Abū Jaʿfar al-Ghāfiqī

Abū Jaʿfar al-Ghāfiqī (uncertain birth and death dates),[1] was a 12th-century Andalusian Arab botanist, pharmacologist, physician and scholar from Ghafiq near Cordoba in the southern Iberian peninsula called al-Andalus, a region of mixed cultures, religions, and languages. He was responsible for the collating and creating of 'Kitāb fī l-adwiya al-mufrada' (“Book of simple drugs”), a remarkable compendium of some 400 hand-drawn and coloured images of plants and animals, popularly known as the “Herbal of al-Ghafiqi". The Herbal draws on ancient Greek sources like Dioscorides and Galen and more than thirty other works from India and the Hellenistic and Islamic worlds.[2][3]
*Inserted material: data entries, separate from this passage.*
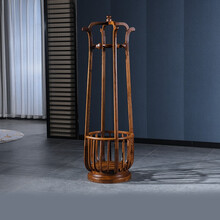 承古堂红木家具非洲鸡翅木（学名：非洲崖豆木）实木落地衣帽架新中式卧室挂衣架Q 落地衣帽架：直径57*高187cm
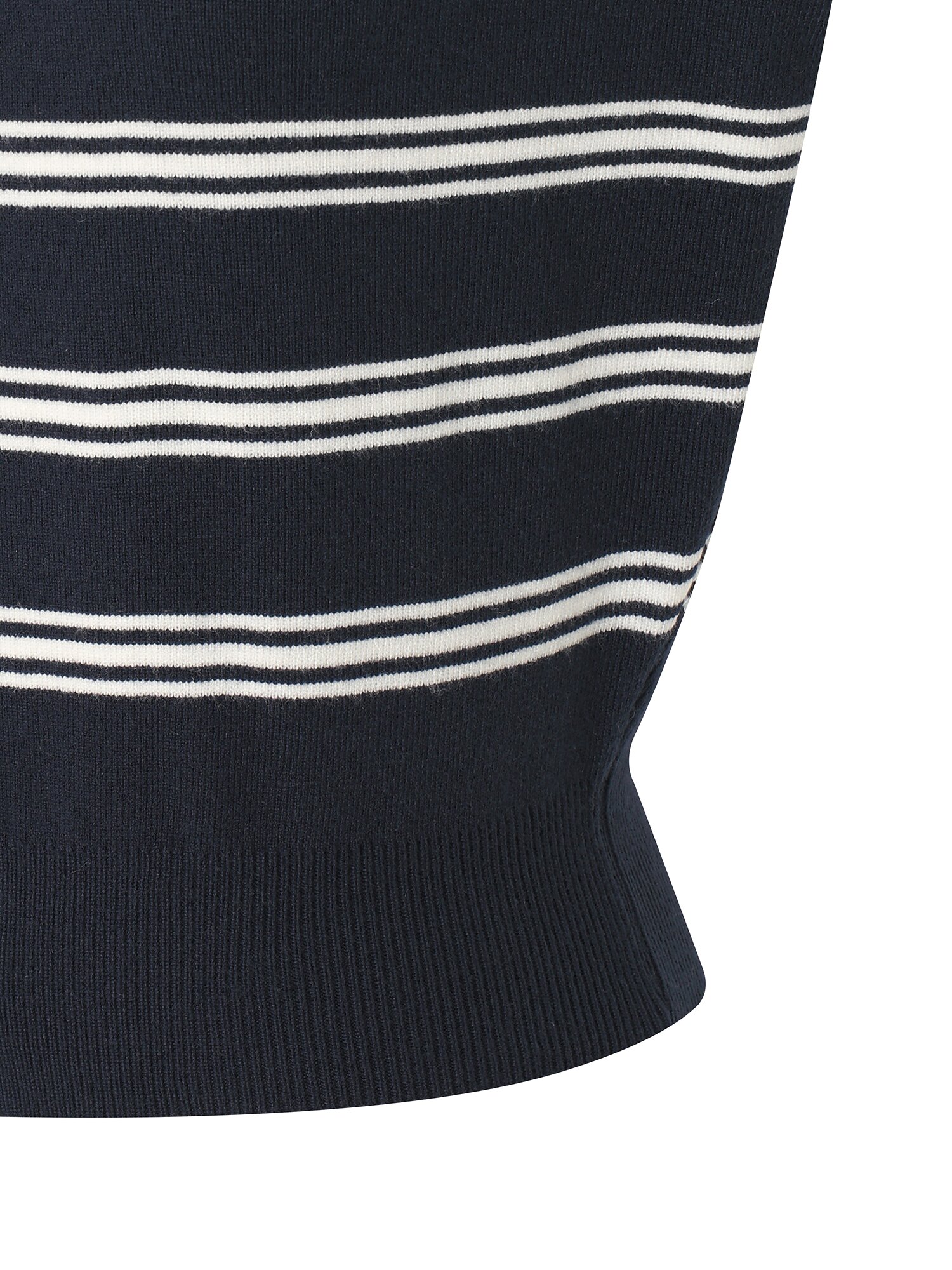 라운드넥 스트라이프 니트 카디건 (NAVY)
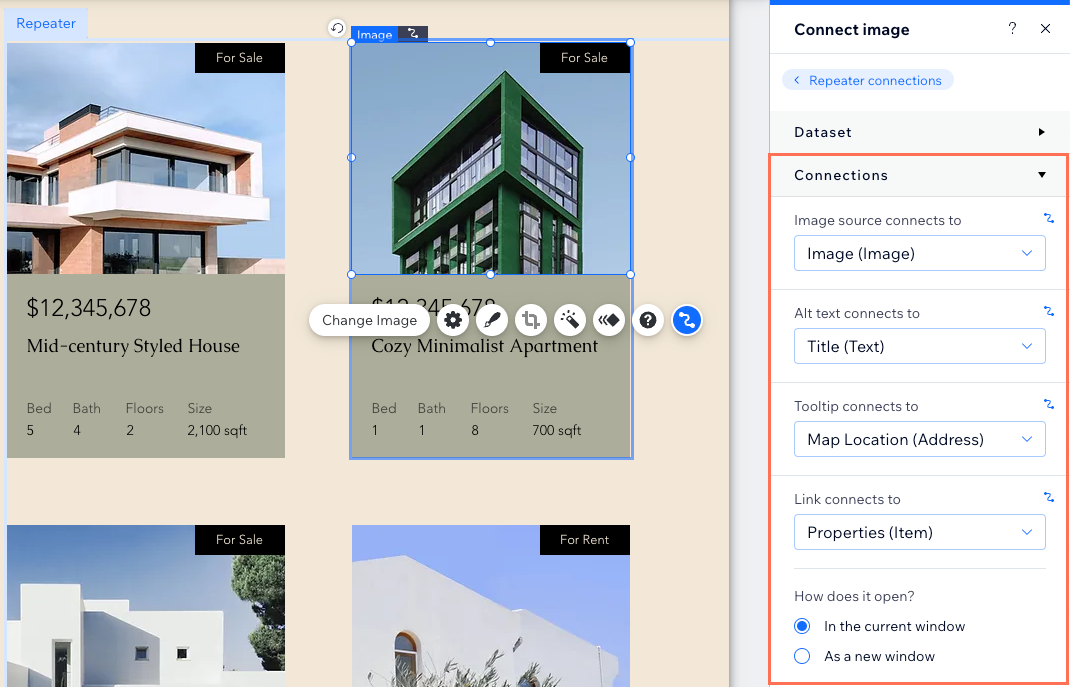 Capture d'écran de la connexion d'images dans un répéteur au système de gestion de contenu (CMS).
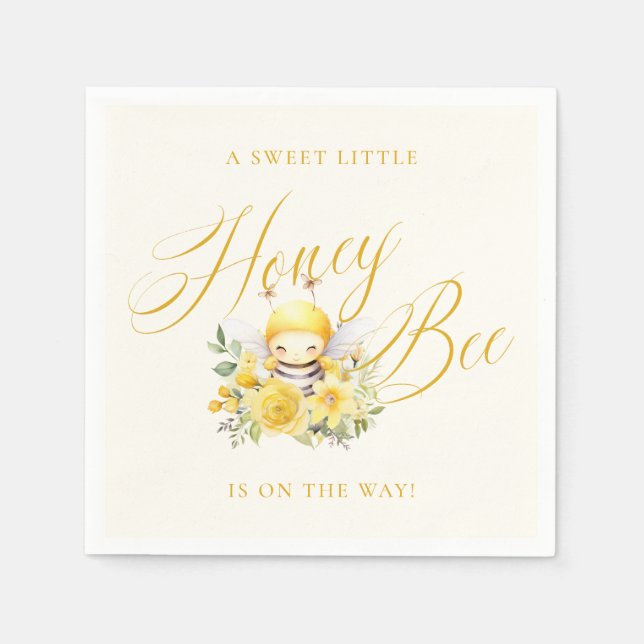 A Sweet Little Honey Bee Baby Shower Napkins (Front)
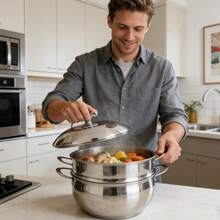 Stainless Steel Double Layer Steamer Pot, Multi-Function Cooking Pot With Lid, Suitable For Induction Cooktop And Gas Stove - View 7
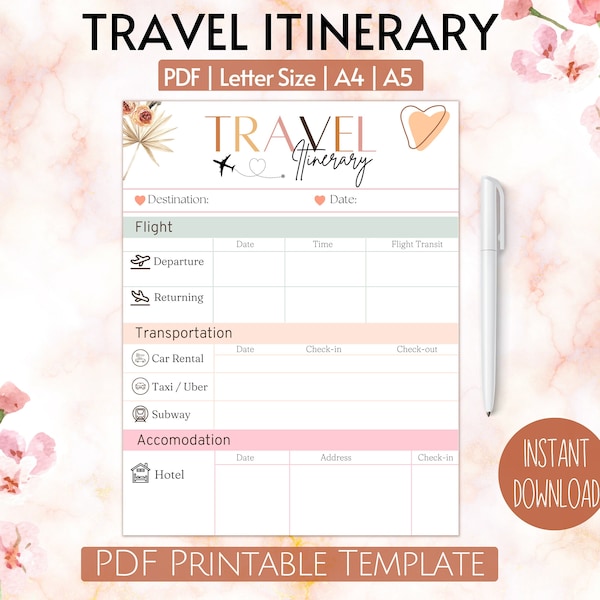 Travel Itinerary Template, Travel Template, Minimalist Travel Planner, Printable Travel Planner, Vacation Planner, A4 A5 Letter Size PDF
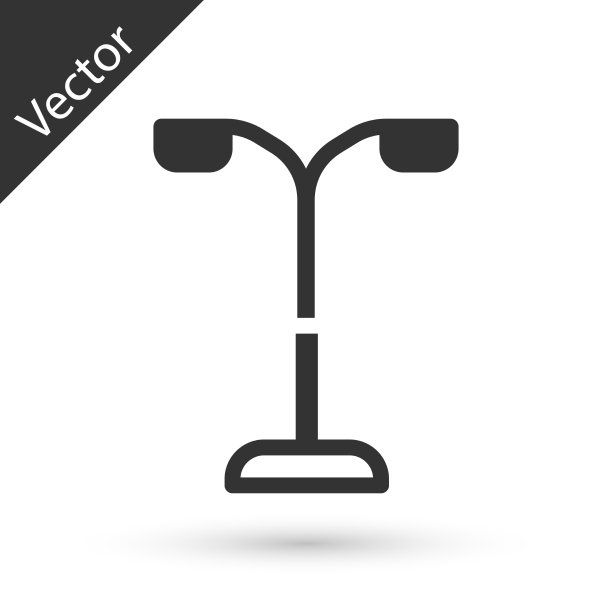 灰色路灯系统图标孤立在白色图片下载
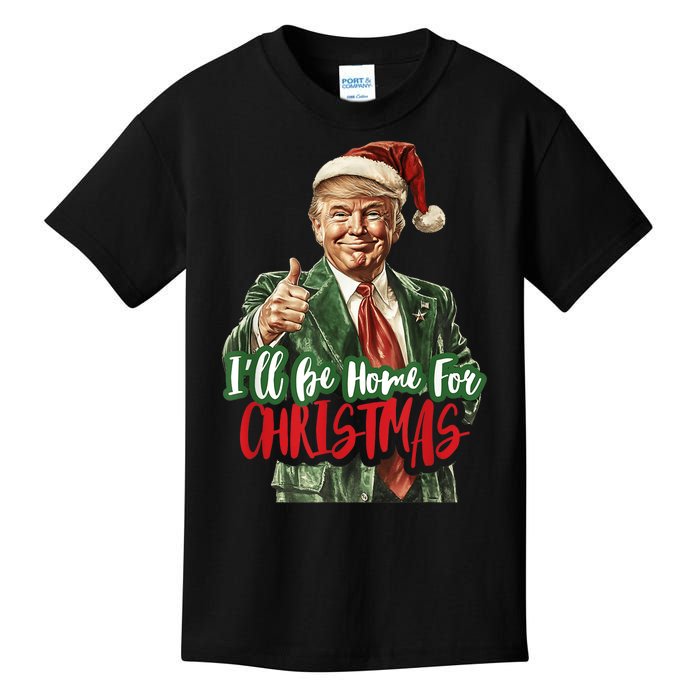 Ill Be Home For Christmas Santa Trump Xmas Pajamas Funny Kids T-Shirt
Sir William Osler purchased a manuscript copy of the Herbal in 1912 and it was chosen for reproduction in a modern edition by McGill University - it deals with herbal, mineral, and animal-derived drugs. The edition has a glossary of over 2 000 entries providing synonyms in Greek, Sanskrit, Syriac, Persian, Berber, Old Spanish, Latin, Coptic, and Armenian, underlining the international nature of medicine and pharmacy at the time of its compilation.[4][5] Herbal and botanical gardens, generally, have always been greatly prized in the Arab world, and the gardens of al-Andalus were no exception, giving Abū Jaʿfar al-Ghāfiqī ample access to specimens for describing and illustrating. The exiled Syrian Abd al-Rahman I created an opulent garden in his palace Al-Munyat al-Rusafa (Arruzafa) in 756 and it was destroyed in 1010 by the Berbers. The garden had been to remind him of his former palace at Al-Rusafa, Syria where he had lived with his grandfather, the caliph Hisham (691–743).[6]

Ferdinand Wüstenfeld (1808-1899) seems to have been the first to suggest (erroneously) that Muhammad ibn Aslam Al-Ghafiqi might have been the father of the more famous Abū Jaʿfar al-Ghāfiqī, who was renowned for his treatise on medicaments. The only scholar known to have cited the Murshid is the Egyptian oculist Âadaqa b. Ibrāhīm al-Shādhilī, who wrote in the second half of the eighth/fourteenth century.[7]